Wednesday, September 24, 2014

Suit filed to disclose Pennsylvania's lethal injection drugs in unlikely event of execution

The American Civil Liberties Union and four newspapers have asked a federal judge to unseal court records in an attempt to learn where Pennsylvania corrections officials purchased the drugs that will be used to execute  death row inmates.
The state chapter of the ACLU, The Guardian, the Philadelphia Inquirer, the Pittsburgh Post-Gazette and the Philadelphia City Paper are asking state courts to unseal documents that would reveal how, and from whom, the state obtained the drugs it planned to use to execute Hubert Michael Jr..  Michael's  September 22 execution was stayed by Governor Tom Corbett, according to the Los Angeles Times.

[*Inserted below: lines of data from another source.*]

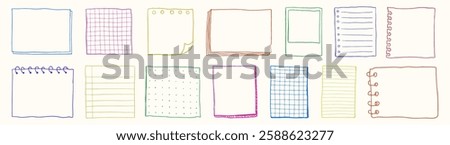 Colorful hand-drawn paper sheets in various styles, including lined, grid, and spiral-bound. Vibrant paper designs for notes and creative projects. Hand drawn illustrations, vector set.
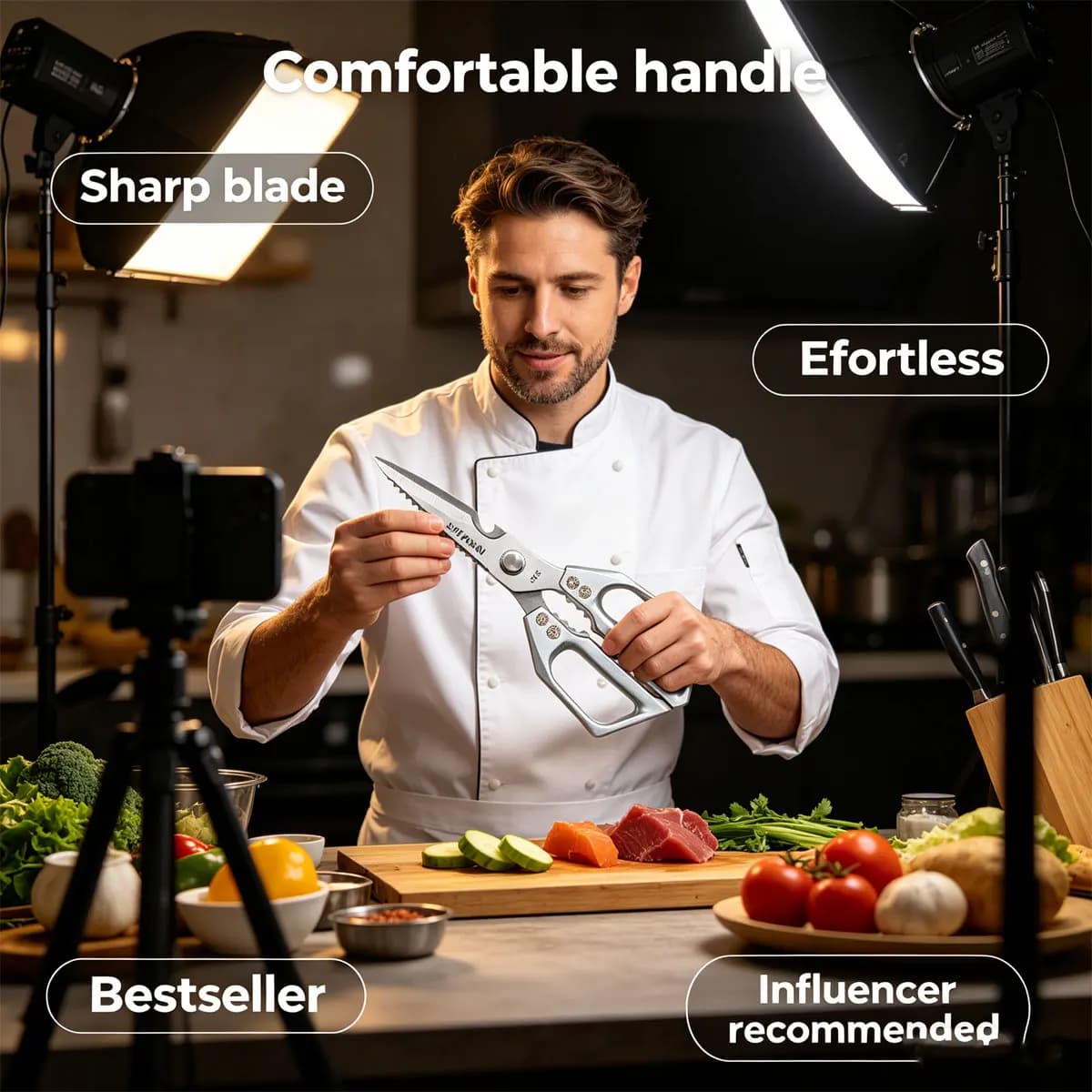 Stainless steel chicken bone scissors Multifunctional kitchen strong bone breaking scissors Commercial household food scissors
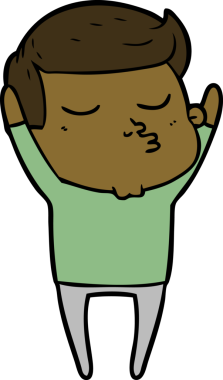 Bir insan tarafından çizilmiş karikatür mankeni adam.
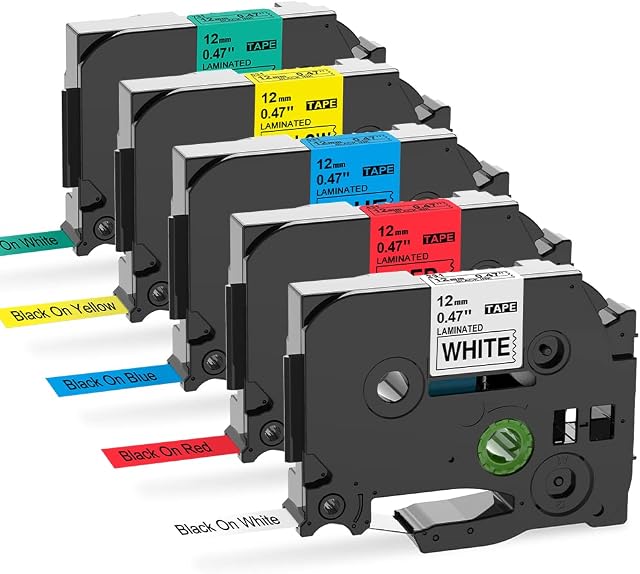 MarkField Compatible Label Tape Replacement for Brother P Touch 12mm x 8m Cassette TZ TZe-231 431 531 631 731 Work for Ptouch PT-1000 1005 1010 H108 H110 H101C H105 H107 D200 E100 5 Pack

His execution would have been the first in Pennsylvania in 15 years.
The suit also seeks to grant the public access to documents about the suppliers of drugs used in future state executions.
Pennsylvania has not carried out and involuntary execution in more than 50 years.  In the modern era of the death penalty Pennsylvania has executed three men.  All three gave up their appeal rights and volunteered to be executed.
“In light of the recent string of horrifically botched executions, the public is entitled to know how the state obtained the drugs they plan to use to carry out executions here in Pennsylvania,” Reggie Shuford, executive director of the Pennsylvania chapter of the ACLU, said in a statement.

The Pennsylvania lawsuit comes in the wake of a series of botched executions that have escalated the national debate over the use of the death penalty and the drugs most states employ when executing death row inmates.
There are currently 184 people on death row in Pennsylvania.